Moving with Pets

How will Fido tolerate a change of address? Here are some things to keep in mind to help the transition during a move a little less stressful on your furry pal (or pals).

If you have pets, your already know what a bundle of personality they encompass. Some are quiet; some are bouncing at everyone they meet. Some are easy going, while others find any slight change in routine difficult. Whether or not you feel your pet(s) may take the move in stride, it’s wise to make things a little easier on them when moving. After all, there aren’t many other changes in their lives bigger than moving to an entirely new home.
After you have purchased your new home, but before the movers are loading the moving van, take some time to visit what will soon be your new neighbourhood. Go for a few leisurely walks with your pets in what will be your new area during the weeks leading up to your move. Let your dog, cat, or whatever pets you can leash get some good sniffs in around their new front yard and street. Do this a few times in advance before your big moving day so your pets can familiarize themselves with their new neighbourhood.

On moving day it’s best to have someone your pet is familiar with look after him or her. If it is comfortable for him at Grandma’s house, for example, see if she will look after him there. This way your pet won’t be stressed by the commotion of moving furniture, unfamiliar movers, and let’s face it, what can seem to them as complete chaos! In addition to your pet being in a calm environment, this strategy significantly reduces the chance of them escaping out an open door. The doors in your home are going to be open A LOT during moving day, and it would be heartbreaking to lose a beloved member of your family during this time.

When you do finally introduce your pets to their new abode, don’t open the front door and allow them to roam free in your new home. It could be scary and cause your pets to feel insecure as they explore all by themselves. Instead, let them sniff around while still on a leash with you right by their side. Go slow, take your time, and let it all sink in slowly. Hopefully this will help your pets feel more comfortable in their new surroundings.

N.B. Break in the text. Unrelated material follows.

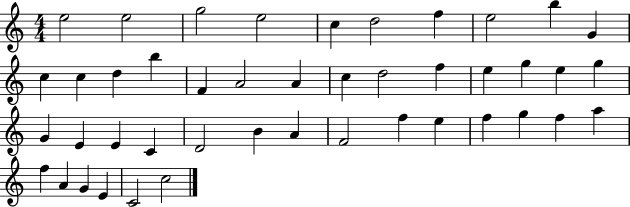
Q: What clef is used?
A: treble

If you have a long distance to travel and your pet isn’t a fan of riding in the car, speak to your local pet supply store and veterinarian about options to help your pet tolerate the journey better. There are a range of options from special coats to medications available. Because tensions will already be high with the stress of moving, it might be a good idea to try one of these tools. And remember to pack lots of paper towels to clean up any unforeseen messes your pet makes in the car, and fresh water too.

Above all (although this may be easier said than done), KEEP CALM. Your pets can read your emotions, and anxiety and tension while introducing your pets to their new home will only breed anxiety and tension in them as well. Make sure you have handy any familiar pet bedding or toys so they can snuggle up with what makes them happy and secure. Don’t pack these items up in storage or load them into the moving truck ahead of time!

Pets are wonderful, sensitive creatures and their best interests need to be considered when going through a move. With these suggestions, hopefully your move will go smoothly for everyone (furry or otherwise!) in your household.